The material below holds the lines to copy: from the one with "Agentes de la" up to and including the one with "Bupati Garut Takziah". Copy them exactly and skip the pictures.

**Provided records**
______

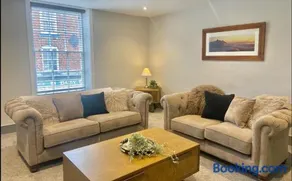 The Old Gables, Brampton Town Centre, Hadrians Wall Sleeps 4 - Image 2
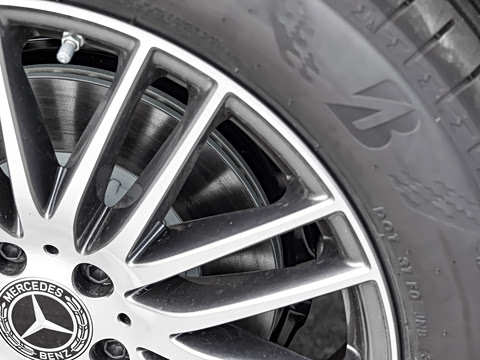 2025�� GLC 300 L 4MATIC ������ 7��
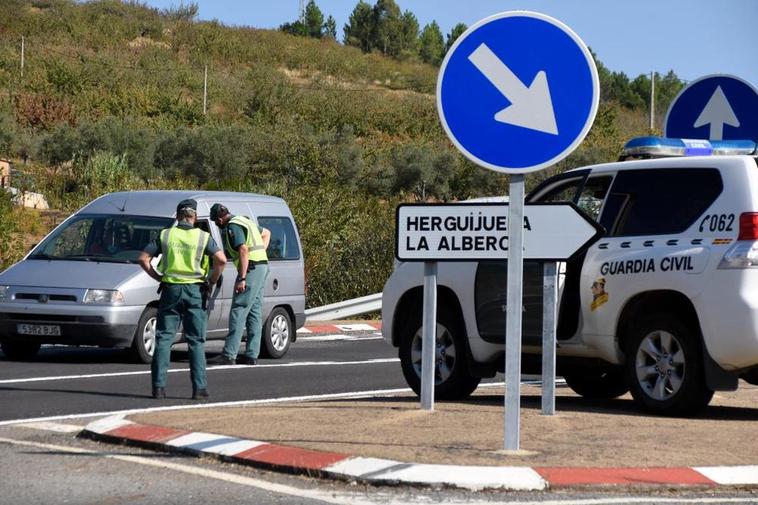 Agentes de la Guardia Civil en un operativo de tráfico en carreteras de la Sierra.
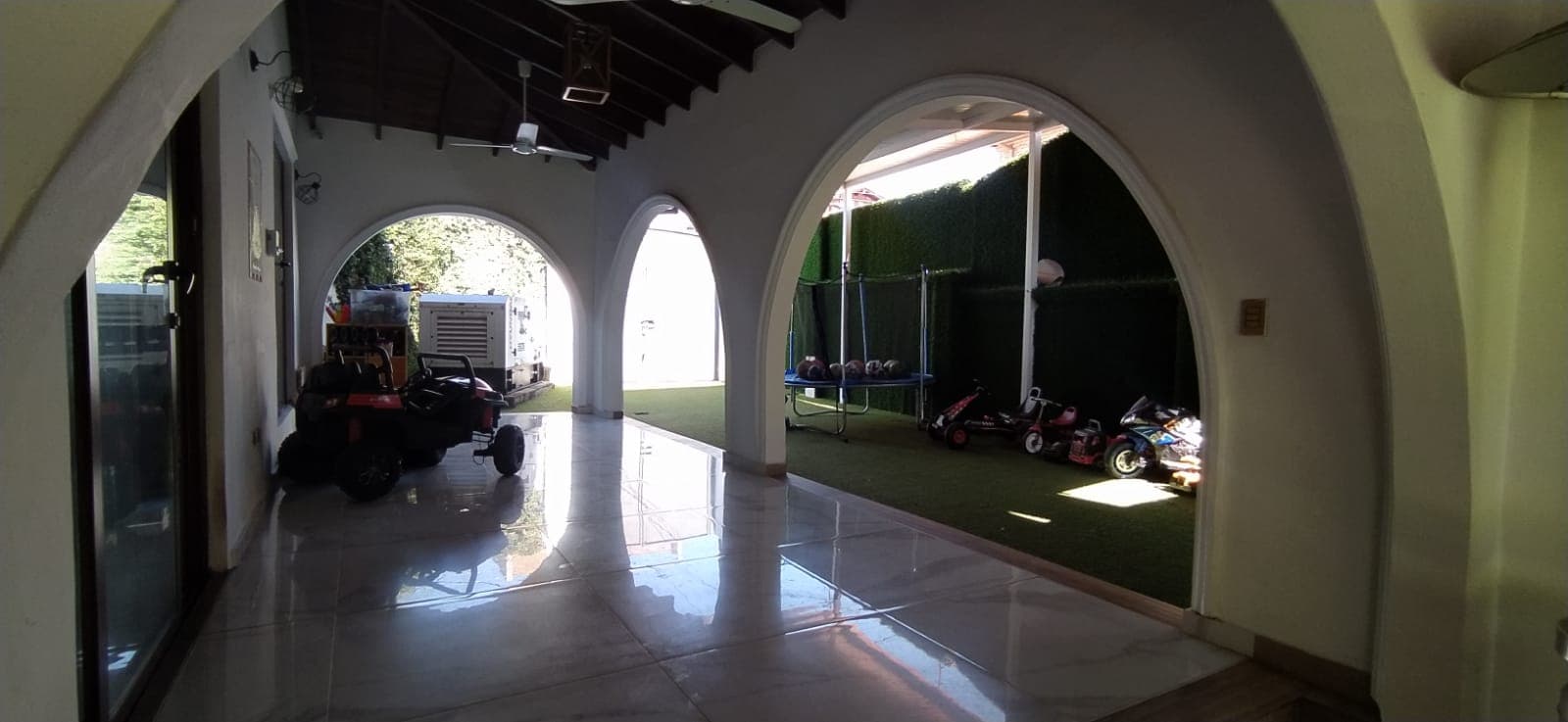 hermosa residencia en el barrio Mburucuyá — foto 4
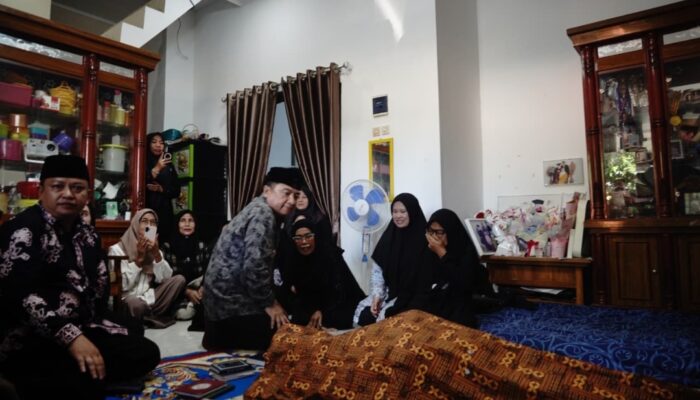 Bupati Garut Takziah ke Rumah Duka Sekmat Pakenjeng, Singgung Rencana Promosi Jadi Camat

______

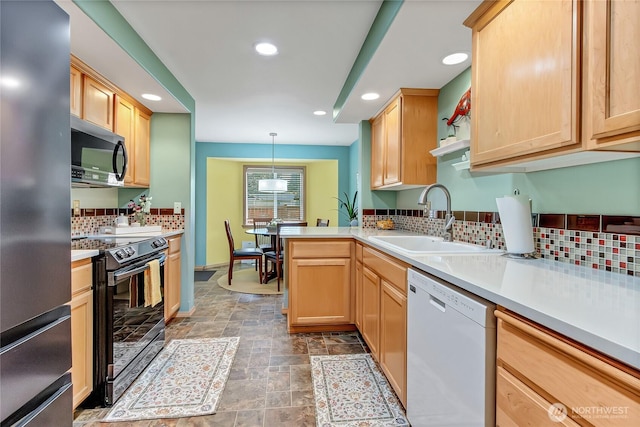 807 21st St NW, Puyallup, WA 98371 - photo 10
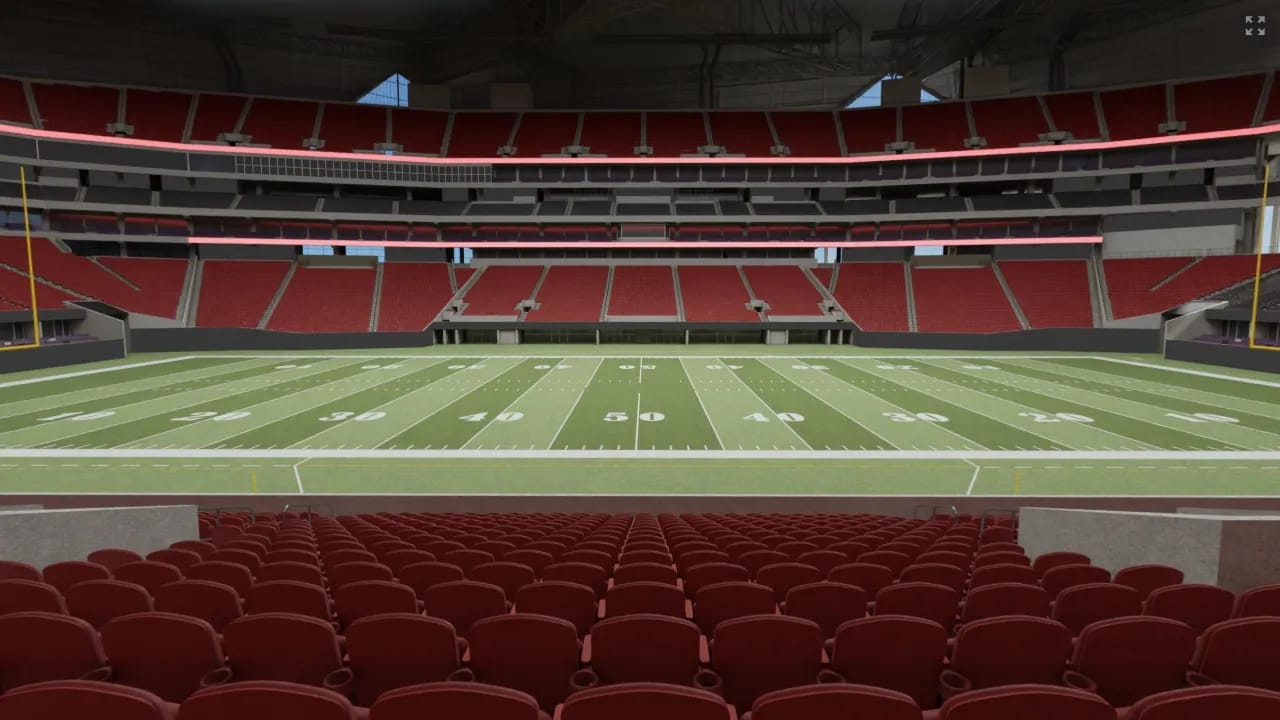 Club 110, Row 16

______

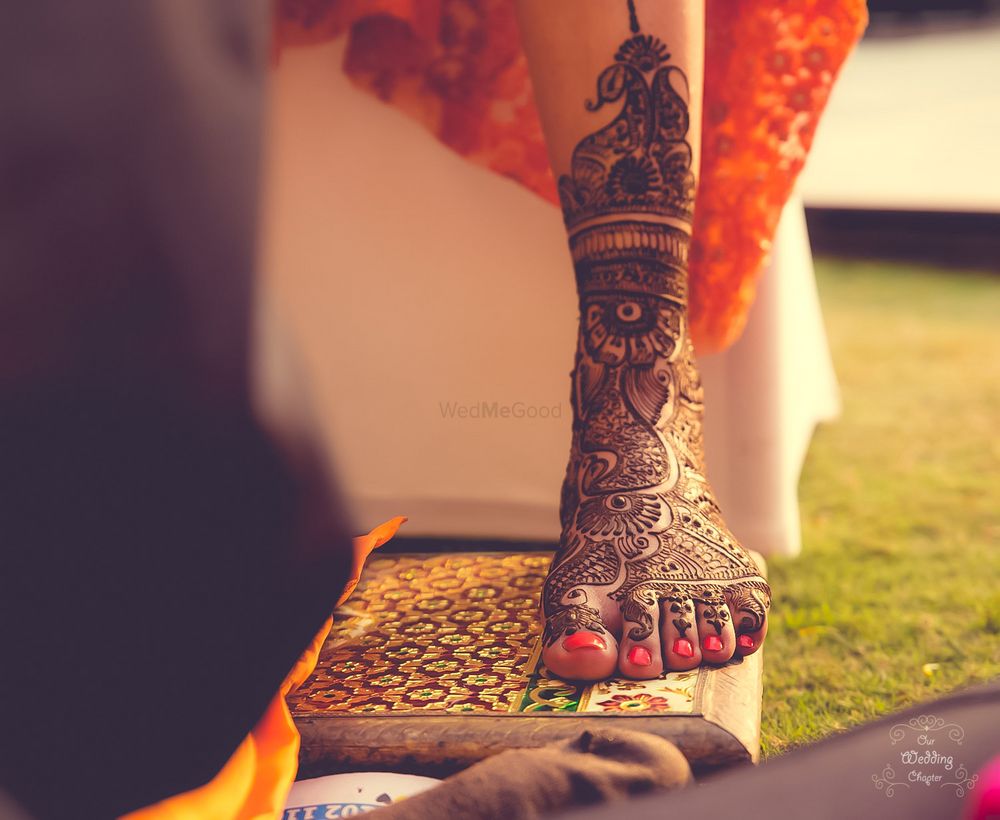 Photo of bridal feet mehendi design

______

**Exercise response**
 Agentes de la Guardia Civil en un operativo de tráfico en carreteras de la Sierra.
 hermosa residencia en el barrio Mburucuyá — foto 4
 Bupati Garut Takziah ke Rumah Duka Sekmat Pakenjeng, Singgung Rencana Promosi Jadi Camat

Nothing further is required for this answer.